Lollipop plots represent somatic variants of (a) PIK3CA and (b) TP53 genes detected by targeted next-generation sequencing (NGS). Upper panel represents variants detected in patient uninvolved mammary gland (UM) and tumor (PT) samples. All somatic variants detected according to the standard NGS and pathogenic/likely pathogenic variants detected by duplex sequencing in UM samples are included. Lower panel is a summary of somatic variants detected in breast tumors reported in the COSMIC database ( p85 p85-binding domain, RBD Ras-binding domain, C2 C2 domain, AD accessory domain, CD catalytic domain. TAD1, TAD2 transcription activation domain 1 and 2, DBD DNA-binding domain, DNA-binding sites are marked with red lines, TD tetramerization domain. Lollipop plots were prepared based on the images generated with the Protein paint application52. *Variants detected by standard NGS in primary tumor samples and selected for duplex sequencing.


Post-zygotic variations contribute to the genetic heterogeneity of an individual, which is reflected in a mosaic pattern of genetic alterations in all cells that make up the human body33. The mammary gland remains mitotically active during life and under physiological conditions is exposed to DNA-damaging estrogen metabolites11. Subclonal somatic genetic changes acquired during life pose a risk of cancer development. Hence, we hypothesized that these factors can increase the mutational burden in the mammary gland. Other studies have reported the presence of genomic and transcriptomic changes in the normal mammary gland, and suggested that histological normalcy does not exclude pathological biological changes34,35,36. However, these studies have been carried out on normal mammary tissue obtained from mastectomies or cancer-adjacent samples, hence the clinical relevance of the these findings was limited. In this study, we screened for somatic genetic changes in the normal mammary gland tissue of sporadic cancer patients, including tissue biopsies from the parts of the breast that normally would not have been removed during breast-conserving surgery. We identified widespread genomic structural rearrangements that affect gene dosage and somatic subclonal sequence variants of known breast cancer-associated genes that control proliferation, cell death, metastasis, and genome integrity: PIK3CA, TP53, AKT1, MAP3K1, CDH1, RB1, NCOR1, MED12, CBFB, TBX3, and TSHR (Supplementary Fig. 8). These variants were present in a considerable percentage of cells, suggesting they occurred earlier in the mammary gland development or the carrier cells gained growth advantage and underwent clonal expansion. Further, ultra-sensitive duplex sequencing revealed heterogenous mosaic landscape of low-level subclonal pathogenic variants of main breast cancer drivers: PIK3CA and TP53 in the normal mammary gland tissue. Notably, the setup of these variants was markedly different between tumor and normal mammary tissue from the same individuals which is suggestive of multiple, independent mutational events that occurred in the mammary gland (Fig. 4).

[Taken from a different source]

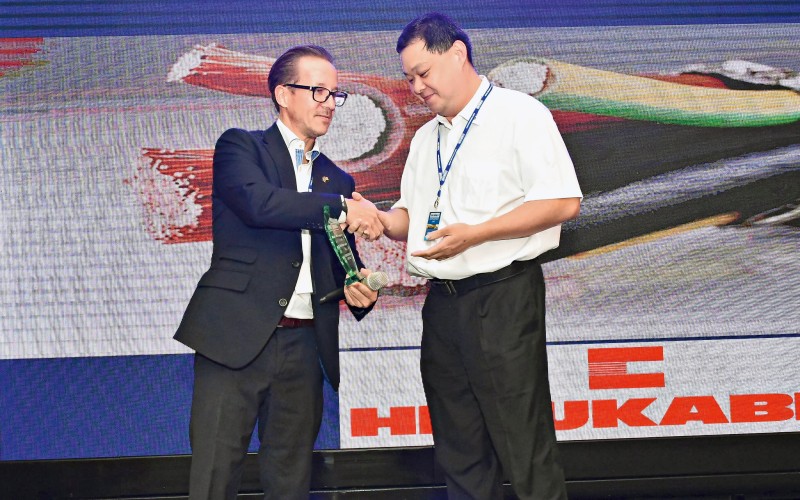 A man giving another man a trophy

Fig. 4: Oncogenic potential of the normal mammary tissue.
figure 4

We used duplex sequencing to screen for ultra-low frequency variants and detected PIK3CA and TP53 hotspot alterations. The sampled normal mammary gland tissue is referred to as uninvolved glandular tissue and was not removed during surgical resection of the tumor mass. Detected variants might alter the function of the main breast cancer drivers: activate PIK3CA oncogene and impair TP53 tumor suppressor DNA-binding capacity. The presence of these changes implicates an oncogenic potential of the uninvolved mammary gland tissue and emphasizes the importance of thorough monitoring of sporadic breast cancer patients that underwent breast-conserving surgery.

In parallel to sequence variants, we identified recurrent CNAs in the mammary gland of breast cancer patients, but also in the age-matched control group (Fig. 1). This facilitated detecting subtle, but noticeable differences in terms of total number and length of all detected CNAs per individual (Supplementary Fig. 4). Both groups: breast cancer and control were age-matched and therefore the mammary gland tissue was exposed to cycles of estrogen for comparable time and that can explain the accumulation of copy number alterations in both cohorts.

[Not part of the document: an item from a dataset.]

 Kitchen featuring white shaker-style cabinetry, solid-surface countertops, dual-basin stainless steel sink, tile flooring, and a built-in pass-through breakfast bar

The most important finding from this part of our study is that the normal mammary tissue from cancer patients showed DNA copy number alterations as well as evidence of copy number neutral loss-of-heterozygosity. These genomic alterations in concert with damaging sequence variants recapitulate alternative routes of gene inactivation that are typically observed in the malignant tumors, but not in the benign tissue. In this context, our study demonstrates that normal tissue profiling provides direct information on the very origin of the disease and may improve the choice of treatment as well as may aid in further clinical management of the affected individuals37,38,39. This is in contrast to typical molecular profiling studies that rely on limited retrospective information inferred from the tumors.

The PIK3CA and TP53 genes are the leading oncogenic mutations of breast malignancies and accordingly the most common changes detected in our study were in the PIK3CA gene5,40. Soysal et al. screened for somatic variants in benign biopsies of patients that subsequently developed breast cancer. PIK3CA and TP53 variants were the most prevalent changes in tumor samples, but not detected in benign biopsies, possibly due to limited sensitivity of standard massively parallel sequencing for rare variant detection41. To overcome this limitation, we implemented duplex sequencing technology to detect PIK3CA and TP53 variants in the normal mammary gland samples at very low frequency. In the uninvolved mammary gland tissue, we detected known hotspot pathogenic variants that might activate PIK3CA kinase or target DNA-binding domain of TP53 tumor suppressor, disabling its function.

We confirmed that these variants observed in tumor samples were already present in the normal glandular tissue as well, albeit at lower levels compared to the corresponding tumors. Strikingly these changes were accompanied in the same samples by other PIK3CA and TP53 pathogenic variants, present in the normal tissue, but not in the corresponding tumors. This may suggest the existence of potential sites of secondary tumor formation. Notably, the majority of somatic pathogenic variants, including these PIK3CA and TP53 hotspot alterations, occurred in the normal mammary gland samples not removed during breast-conserving surgery, not from radical mastectomy patients.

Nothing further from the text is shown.